Before coming to the U.S. from Taiwan, Dr. Cheng worked with survivors of GBV. She explains that GBV includes intimate partner violence (IPV), sexual harassment, and sexual assault. “Different forms have different impacts on survivors. For example, survivors of sexual harassment tend to engage in avoidance, which can harm their career and what they achieve professionally,” she explains. “And then IPV may involve economic abuse, the abuser can exhibit abusive control, sabotaging their career or restricting contact with their colleagues or their supervisor. The impacts of IPV may be broad and pervasive.”
IPV may also impact children, even when they are not direct recipients of violence. After witnessing abusive behavior in their home, they may believe anger or abuse is an appropriate mode of communication and problem-solving, and the violence is then transmitted intergenerationally. “Parents who experience IPV are more likely to engage in harsh parenting or physical abuse, and it can contribute to further child maltreatment,” she says. “It is a complex process, and we need to understand the complexity and avoid stigmatizing the survivors.”
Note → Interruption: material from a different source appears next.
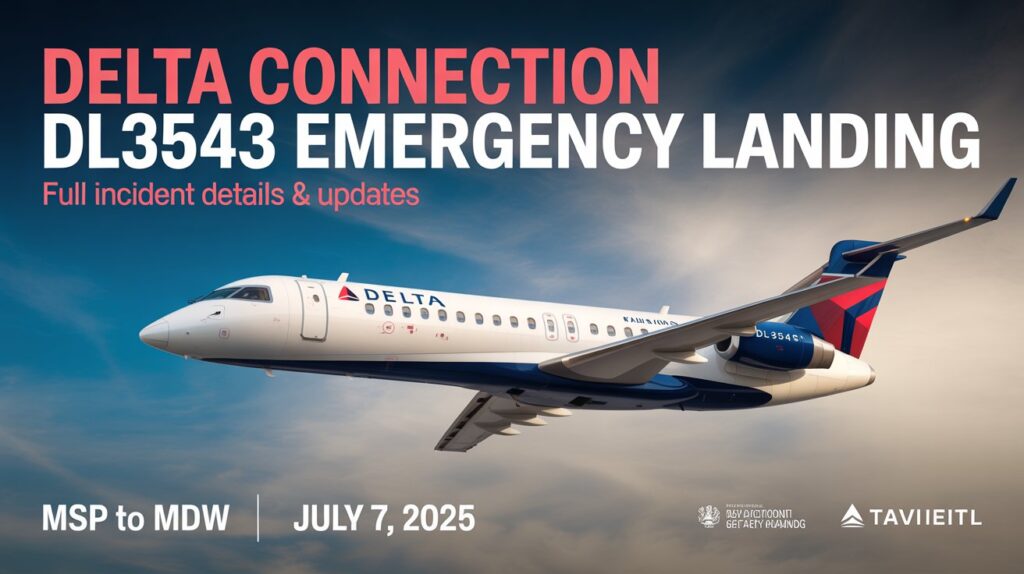 Delta Connection DL3543 Emergency Landing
She has also worked with marriage immigrants who entered Taiwan through international marriages, mostly via marriage brokers. While the comparison of marriage immigration to human trafficking might seem self-evident, and in some cases may be true, Dr. Cheng urges caution in describing it as trafficking. “For activists and researchers, it might be easier to frame it as human trafficking, but we need to be very careful,” she explains. “The danger is in underestimating the agency among women who choose to immigrate. They may, for example, go to great lengths to prove the validity of their marriage, so they can go through the immigration process more smoothly.”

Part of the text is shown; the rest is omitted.